Tomatoes ripening in the sun

In the wintertime in Scandinavia, it is easy to forget what ‘real’ tomatoes can taste like: the ones that have ripened in the sun and have a rather sensual scent and that indefinably strong yet sweet flavour, with a perfect balance between sweetness and slight acidity. Such tomatoes often have a supple, elastic skin that practically bursts when you bite into it – a far cry from the sad tomatoes that are grown under fluorescent tubes and sold in supermarkets. When buying tomatoes off-season, we personally feel that small organic ones on the vine are the tastiest choice. They may be a bit on the expensive side, but you only need a few to enliven a salad or snack. In the countries around the Mediterranean, fabulous tomatoes grow all year round: large, uneven, exciting varieties, often with many ‘chambers’ and an extraordinary aroma. No wonder tomatoes are so fundamental to Mediterranean cooking.
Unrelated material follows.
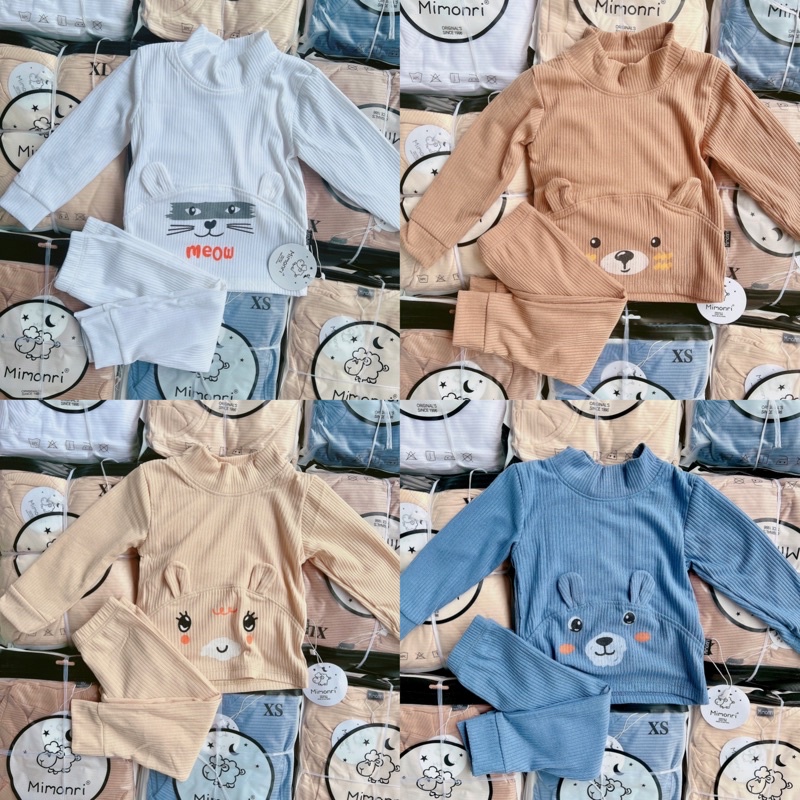 Bộ tay dài quần dài gân gấu cho bé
But when tomatoes are in full season, you often find wonderful varieties from local growers at home as well. This is the time to indulge in tomatoes with that genuine flavour; not to mention the pride of picking tomatoes that you have grown yourself. Each year we have a few tall vines growing against a south-facing wall, which yield enormous quantities of lovely, fairly small tomatoes. We harvest them all the way into October, and then end up nipping off the plants that are still full of green tomatoes. We tie the plants with raffia and hang them upside down in the kitchen window, and the tomatoes continue to ripen little by little for yet another month or so.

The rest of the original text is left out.